The latest addition to our Reviews section is by Lori Feathers on Dinner by César Aira, translated by Katherine Silver and out from New Directions.

The first time I read César Aira was four years ago: Ghosts and The Literary Conference. At the time I had my opinions about both, but in retrospect—and this surprises me—I actually liked both books very much (four years ago I had a lot of issues with Ghosts, but I was also sleeping erratic, graduate student hours and living off of discounted Cliff Bars and anything cheap vegetable you could sauté and roll into a tortilla, so let’s just assume that I didn’t have enough nutrients in my body to understand). And to be honest, I was half way through Lori’s review, thinking, “What the hell kind of book is this?!”, and then my eyes jumped to the top of the page to double-check who the author was. It was Aira. Which, of course! Of course. Now this all makes sense. I think that’s a great way to remind yourself of certain authors (note: I don’t say to think of certain authors). For example, Chuck Palahnuik’s writing is weird, disturbing, fast-paced, and will probably give you meat-sweats within your nightmares. Aira, as another example, has a quirkiness to his content (sometimes aggressively so, other times very understatedly) that, years later, makes me think fondly on his works, and on the subsequent discussions we had in class about his works. Which (making a huge but relevant jump here) is more proof that literature is a gift that keeps on giving. And I’m glad to have Aira’s works in my memory bank for that purpose. I’m also glad to continually have more Aira to experience—so thank you both to our friends at New Directions for that, and to super-translator Katherine Silver for her excellent work.
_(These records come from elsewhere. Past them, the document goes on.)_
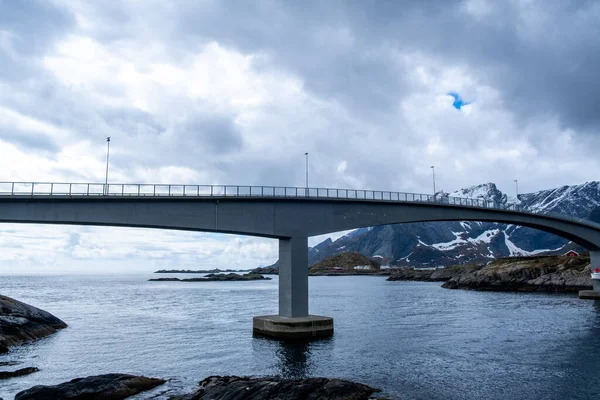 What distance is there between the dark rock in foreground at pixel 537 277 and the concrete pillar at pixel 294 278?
7737 cm

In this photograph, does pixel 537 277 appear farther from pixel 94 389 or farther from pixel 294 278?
pixel 94 389

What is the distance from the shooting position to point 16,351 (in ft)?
113

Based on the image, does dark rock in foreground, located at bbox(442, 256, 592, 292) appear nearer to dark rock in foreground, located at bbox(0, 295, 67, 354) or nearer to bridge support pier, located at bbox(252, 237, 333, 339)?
bridge support pier, located at bbox(252, 237, 333, 339)

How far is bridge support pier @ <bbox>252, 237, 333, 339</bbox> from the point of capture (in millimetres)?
37562

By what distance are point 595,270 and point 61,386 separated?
78458 mm

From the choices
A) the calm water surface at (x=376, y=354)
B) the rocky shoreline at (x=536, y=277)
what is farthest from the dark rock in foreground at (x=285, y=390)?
the rocky shoreline at (x=536, y=277)

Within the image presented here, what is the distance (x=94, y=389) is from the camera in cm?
2169

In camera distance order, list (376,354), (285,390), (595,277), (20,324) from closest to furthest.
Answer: (285,390)
(376,354)
(20,324)
(595,277)

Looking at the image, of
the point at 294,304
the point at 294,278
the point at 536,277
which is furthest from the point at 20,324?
the point at 536,277

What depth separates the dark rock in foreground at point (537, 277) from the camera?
9573 cm

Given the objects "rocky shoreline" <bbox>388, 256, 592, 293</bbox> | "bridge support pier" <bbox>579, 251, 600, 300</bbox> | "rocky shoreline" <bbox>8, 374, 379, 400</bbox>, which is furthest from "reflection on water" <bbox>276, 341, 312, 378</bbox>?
"rocky shoreline" <bbox>388, 256, 592, 293</bbox>

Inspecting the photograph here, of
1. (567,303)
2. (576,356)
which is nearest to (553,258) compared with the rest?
(567,303)

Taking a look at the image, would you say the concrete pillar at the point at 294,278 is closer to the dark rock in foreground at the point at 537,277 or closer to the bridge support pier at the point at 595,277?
the bridge support pier at the point at 595,277

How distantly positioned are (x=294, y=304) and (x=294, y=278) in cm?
224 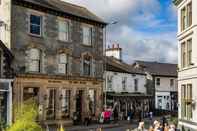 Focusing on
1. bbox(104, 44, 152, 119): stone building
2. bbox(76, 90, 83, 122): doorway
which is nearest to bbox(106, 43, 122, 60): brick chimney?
bbox(104, 44, 152, 119): stone building

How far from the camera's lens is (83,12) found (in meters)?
50.0

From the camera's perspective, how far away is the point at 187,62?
33.5m

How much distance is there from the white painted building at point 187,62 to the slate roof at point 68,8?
11724 mm

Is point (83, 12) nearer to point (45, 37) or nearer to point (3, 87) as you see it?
point (45, 37)

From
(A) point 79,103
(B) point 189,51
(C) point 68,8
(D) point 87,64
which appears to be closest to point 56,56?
(D) point 87,64

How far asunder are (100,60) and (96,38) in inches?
92.7

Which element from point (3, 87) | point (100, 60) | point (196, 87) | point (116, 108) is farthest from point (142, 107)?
point (196, 87)

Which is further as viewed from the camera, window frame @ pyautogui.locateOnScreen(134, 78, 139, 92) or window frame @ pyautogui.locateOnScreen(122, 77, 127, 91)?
window frame @ pyautogui.locateOnScreen(134, 78, 139, 92)

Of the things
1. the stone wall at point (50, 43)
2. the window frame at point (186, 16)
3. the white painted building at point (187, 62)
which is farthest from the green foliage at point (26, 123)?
the stone wall at point (50, 43)

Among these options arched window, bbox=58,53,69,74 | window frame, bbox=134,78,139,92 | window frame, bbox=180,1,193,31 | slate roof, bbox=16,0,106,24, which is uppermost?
slate roof, bbox=16,0,106,24

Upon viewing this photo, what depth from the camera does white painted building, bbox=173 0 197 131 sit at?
30.8 meters

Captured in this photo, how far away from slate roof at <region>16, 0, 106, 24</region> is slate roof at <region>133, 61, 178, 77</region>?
2033cm

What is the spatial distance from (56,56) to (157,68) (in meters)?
31.7

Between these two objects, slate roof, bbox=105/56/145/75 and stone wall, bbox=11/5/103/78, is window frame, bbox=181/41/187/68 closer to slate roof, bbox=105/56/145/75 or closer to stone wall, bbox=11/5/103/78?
stone wall, bbox=11/5/103/78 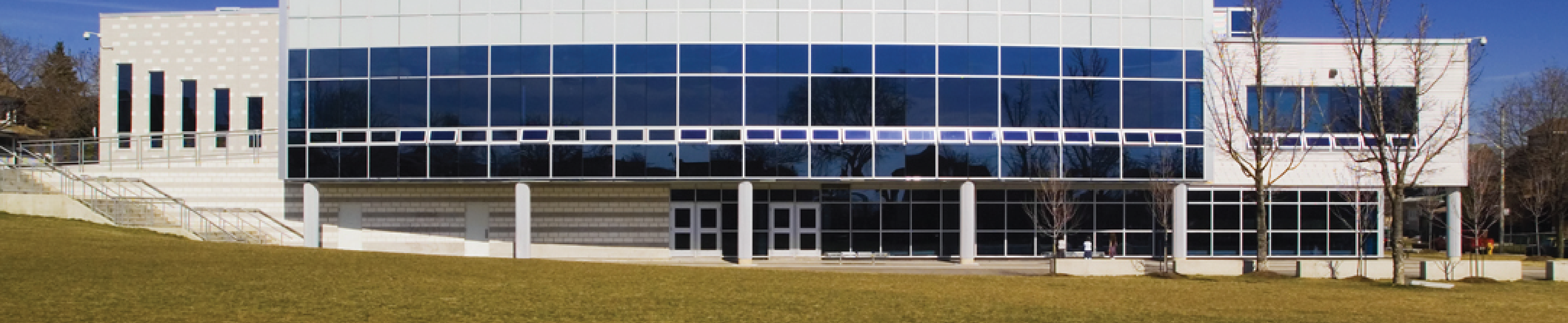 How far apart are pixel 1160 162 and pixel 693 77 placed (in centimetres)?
1391

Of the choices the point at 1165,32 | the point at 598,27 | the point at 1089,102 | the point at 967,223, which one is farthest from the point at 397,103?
the point at 1165,32

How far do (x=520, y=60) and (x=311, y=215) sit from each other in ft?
26.1

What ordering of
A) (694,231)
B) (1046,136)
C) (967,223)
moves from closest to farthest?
(1046,136) < (967,223) < (694,231)

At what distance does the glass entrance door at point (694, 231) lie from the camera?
126ft

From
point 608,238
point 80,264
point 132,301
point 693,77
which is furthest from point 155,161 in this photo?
point 132,301

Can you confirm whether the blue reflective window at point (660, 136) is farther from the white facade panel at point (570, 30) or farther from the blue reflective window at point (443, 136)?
the blue reflective window at point (443, 136)

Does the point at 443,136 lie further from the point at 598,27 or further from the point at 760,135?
the point at 760,135

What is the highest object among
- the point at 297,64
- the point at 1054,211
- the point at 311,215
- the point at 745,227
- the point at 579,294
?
the point at 297,64

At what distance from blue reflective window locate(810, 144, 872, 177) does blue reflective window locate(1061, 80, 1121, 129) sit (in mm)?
5924

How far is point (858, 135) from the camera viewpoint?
3506 centimetres

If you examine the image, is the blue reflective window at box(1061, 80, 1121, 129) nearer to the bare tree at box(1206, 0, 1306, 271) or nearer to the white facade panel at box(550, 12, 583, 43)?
the bare tree at box(1206, 0, 1306, 271)

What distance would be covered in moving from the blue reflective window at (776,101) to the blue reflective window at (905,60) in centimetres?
232

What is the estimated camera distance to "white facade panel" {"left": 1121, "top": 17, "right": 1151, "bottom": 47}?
117 ft

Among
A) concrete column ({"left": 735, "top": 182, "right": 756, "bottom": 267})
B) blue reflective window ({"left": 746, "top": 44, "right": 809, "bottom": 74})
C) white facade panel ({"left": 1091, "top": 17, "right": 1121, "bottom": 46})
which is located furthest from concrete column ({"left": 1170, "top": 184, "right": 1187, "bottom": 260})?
concrete column ({"left": 735, "top": 182, "right": 756, "bottom": 267}) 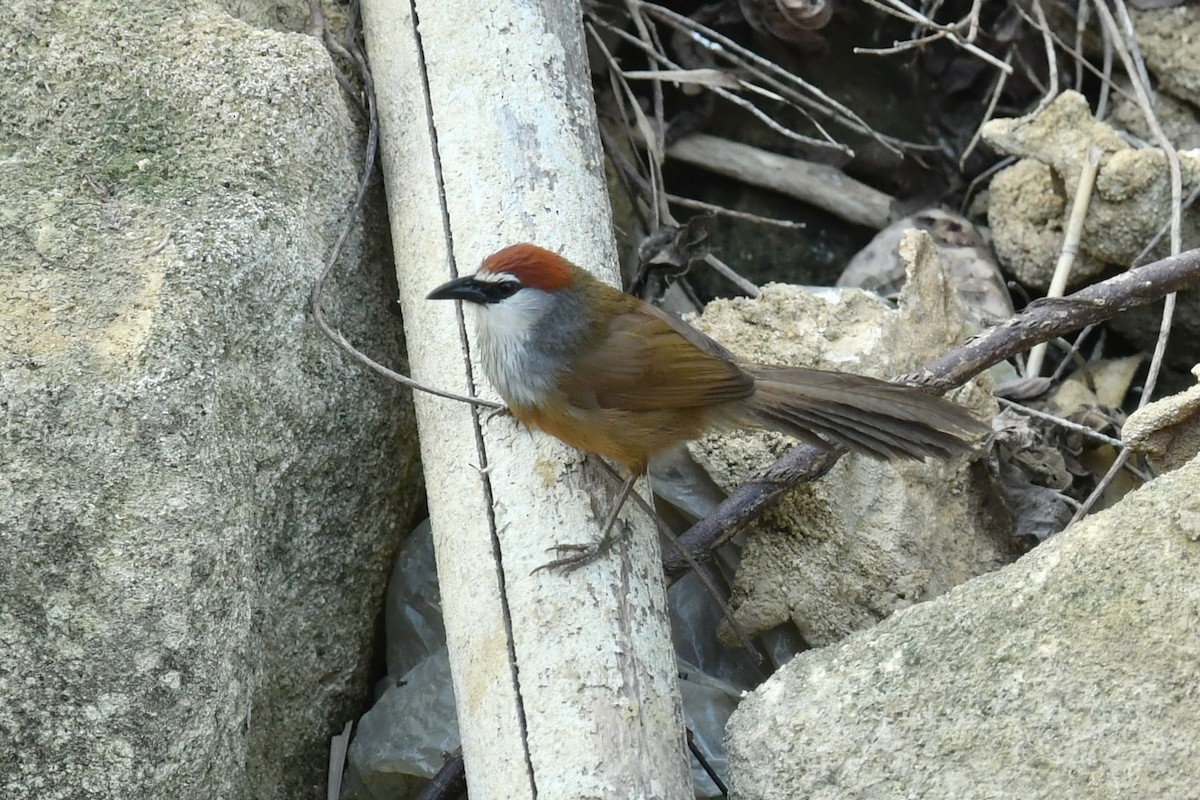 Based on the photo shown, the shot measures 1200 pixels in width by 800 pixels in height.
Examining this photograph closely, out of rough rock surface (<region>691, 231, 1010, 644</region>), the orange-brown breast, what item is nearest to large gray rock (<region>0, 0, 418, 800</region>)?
the orange-brown breast

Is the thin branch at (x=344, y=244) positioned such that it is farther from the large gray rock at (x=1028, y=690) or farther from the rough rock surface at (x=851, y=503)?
the large gray rock at (x=1028, y=690)

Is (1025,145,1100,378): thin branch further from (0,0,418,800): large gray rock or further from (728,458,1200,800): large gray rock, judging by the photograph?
(0,0,418,800): large gray rock

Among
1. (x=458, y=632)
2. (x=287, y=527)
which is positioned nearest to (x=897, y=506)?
(x=458, y=632)

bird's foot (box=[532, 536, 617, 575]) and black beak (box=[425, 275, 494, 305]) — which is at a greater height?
black beak (box=[425, 275, 494, 305])

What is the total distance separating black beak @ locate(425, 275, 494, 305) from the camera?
3150 mm

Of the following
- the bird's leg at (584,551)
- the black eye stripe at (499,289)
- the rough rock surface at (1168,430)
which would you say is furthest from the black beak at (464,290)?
the rough rock surface at (1168,430)

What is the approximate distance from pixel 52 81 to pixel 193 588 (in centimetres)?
154

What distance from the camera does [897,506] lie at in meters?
3.48

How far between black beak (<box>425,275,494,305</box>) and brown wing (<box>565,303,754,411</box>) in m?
0.33

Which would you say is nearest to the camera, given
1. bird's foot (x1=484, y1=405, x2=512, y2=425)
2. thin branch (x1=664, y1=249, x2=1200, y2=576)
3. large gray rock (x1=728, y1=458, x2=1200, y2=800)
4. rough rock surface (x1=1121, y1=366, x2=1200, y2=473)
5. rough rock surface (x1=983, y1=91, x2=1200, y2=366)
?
large gray rock (x1=728, y1=458, x2=1200, y2=800)

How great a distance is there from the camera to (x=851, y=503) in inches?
138

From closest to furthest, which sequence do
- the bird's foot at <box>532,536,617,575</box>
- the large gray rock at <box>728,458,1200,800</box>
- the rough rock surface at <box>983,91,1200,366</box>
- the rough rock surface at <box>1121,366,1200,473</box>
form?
the large gray rock at <box>728,458,1200,800</box>
the bird's foot at <box>532,536,617,575</box>
the rough rock surface at <box>1121,366,1200,473</box>
the rough rock surface at <box>983,91,1200,366</box>

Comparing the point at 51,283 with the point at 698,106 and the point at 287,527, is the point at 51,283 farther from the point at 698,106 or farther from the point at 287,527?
the point at 698,106

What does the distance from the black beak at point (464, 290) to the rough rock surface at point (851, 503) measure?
906 millimetres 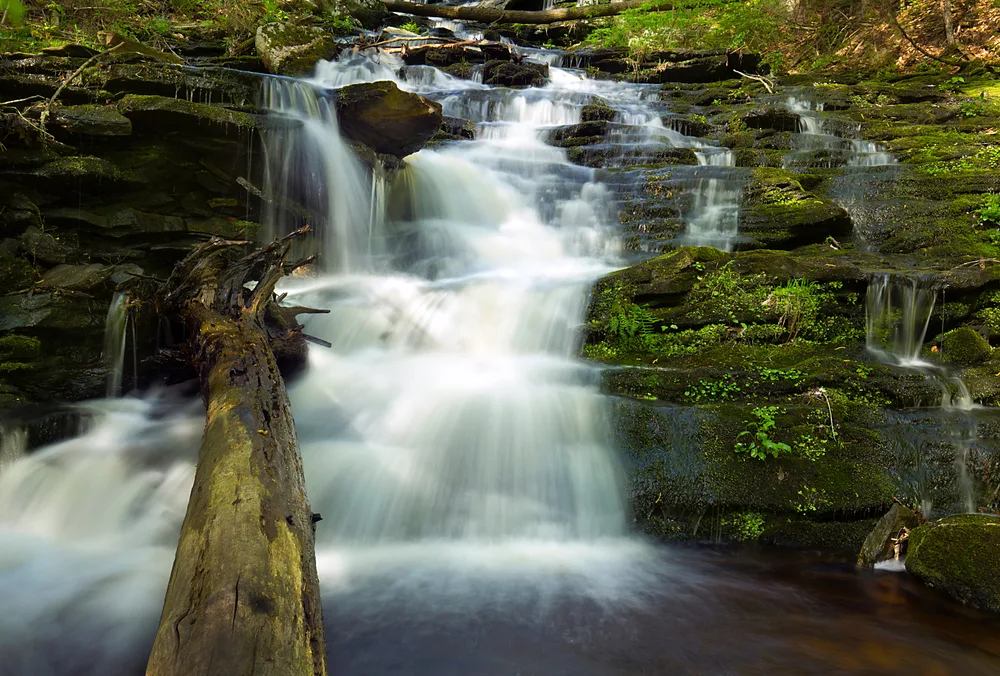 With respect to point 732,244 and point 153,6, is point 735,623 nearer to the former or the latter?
point 732,244

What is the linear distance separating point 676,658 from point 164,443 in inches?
153

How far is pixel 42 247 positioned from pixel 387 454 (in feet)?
14.0

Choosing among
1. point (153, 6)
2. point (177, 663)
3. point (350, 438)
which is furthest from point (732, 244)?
point (153, 6)

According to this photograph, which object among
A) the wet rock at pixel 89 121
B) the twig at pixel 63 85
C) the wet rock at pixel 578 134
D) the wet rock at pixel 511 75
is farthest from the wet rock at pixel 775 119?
the twig at pixel 63 85

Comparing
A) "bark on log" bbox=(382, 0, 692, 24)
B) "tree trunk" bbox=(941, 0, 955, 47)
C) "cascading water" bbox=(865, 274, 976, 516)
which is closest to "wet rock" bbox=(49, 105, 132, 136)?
"cascading water" bbox=(865, 274, 976, 516)

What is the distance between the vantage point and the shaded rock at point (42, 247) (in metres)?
5.66

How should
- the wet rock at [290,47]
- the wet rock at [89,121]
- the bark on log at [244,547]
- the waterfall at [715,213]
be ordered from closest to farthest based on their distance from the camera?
the bark on log at [244,547]
the wet rock at [89,121]
the waterfall at [715,213]
the wet rock at [290,47]

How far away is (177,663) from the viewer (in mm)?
1568

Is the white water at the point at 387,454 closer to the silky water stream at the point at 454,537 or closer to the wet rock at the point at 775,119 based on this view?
the silky water stream at the point at 454,537

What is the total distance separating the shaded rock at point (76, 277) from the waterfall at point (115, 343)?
10.2 inches

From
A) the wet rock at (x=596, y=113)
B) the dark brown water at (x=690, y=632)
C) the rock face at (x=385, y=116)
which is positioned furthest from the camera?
the wet rock at (x=596, y=113)

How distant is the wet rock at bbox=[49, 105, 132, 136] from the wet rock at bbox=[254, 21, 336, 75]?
6.66 meters

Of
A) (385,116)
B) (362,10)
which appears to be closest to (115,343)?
(385,116)

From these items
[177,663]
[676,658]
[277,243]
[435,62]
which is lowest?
[676,658] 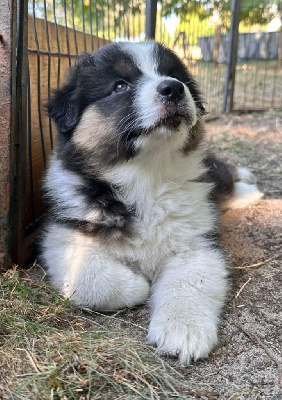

Here’s the beginning of Lori’s review:

César Aira dishes up an imaginative parable on how identity shapes our sense of belonging with Dinner, his latest release in English. Aira’s narrator (who, appropriately, remains nameless) is a self-pitying, bitter man—in his late fifties, living again with his mother in his childhood home, in debt, jobless, never married, overly critical of others—who somehow still manages to win our affection with his wry pathos.

The dinner of the novella’s title is at the home of the narrator’s unnamed friend (“the last friend I had”) where the narrator and his elderly mother are the only guests. The friend keeps Mama entertained during dinner with gossipy stories about the families in the town of Pringles, and the two are “perfectly in sync” with their back-and-forth name-dropping. The narrator does not participate in their exchange. He has never attempted to remember the names of Pringles’ residents and considers such refusal his “. . . way of rejecting the life of the town where I had, nonetheless, spent my entire life. . . .” The evening takes a creepy turn after the meal when the friend shows-off some of the mechanical dolls and other fantastical toys that he collects. The dim lighting in the friend’s home, along with the dolls’ strange, mechanical movements and disturbing countenances bring an unsettling ambience to the evening’s end.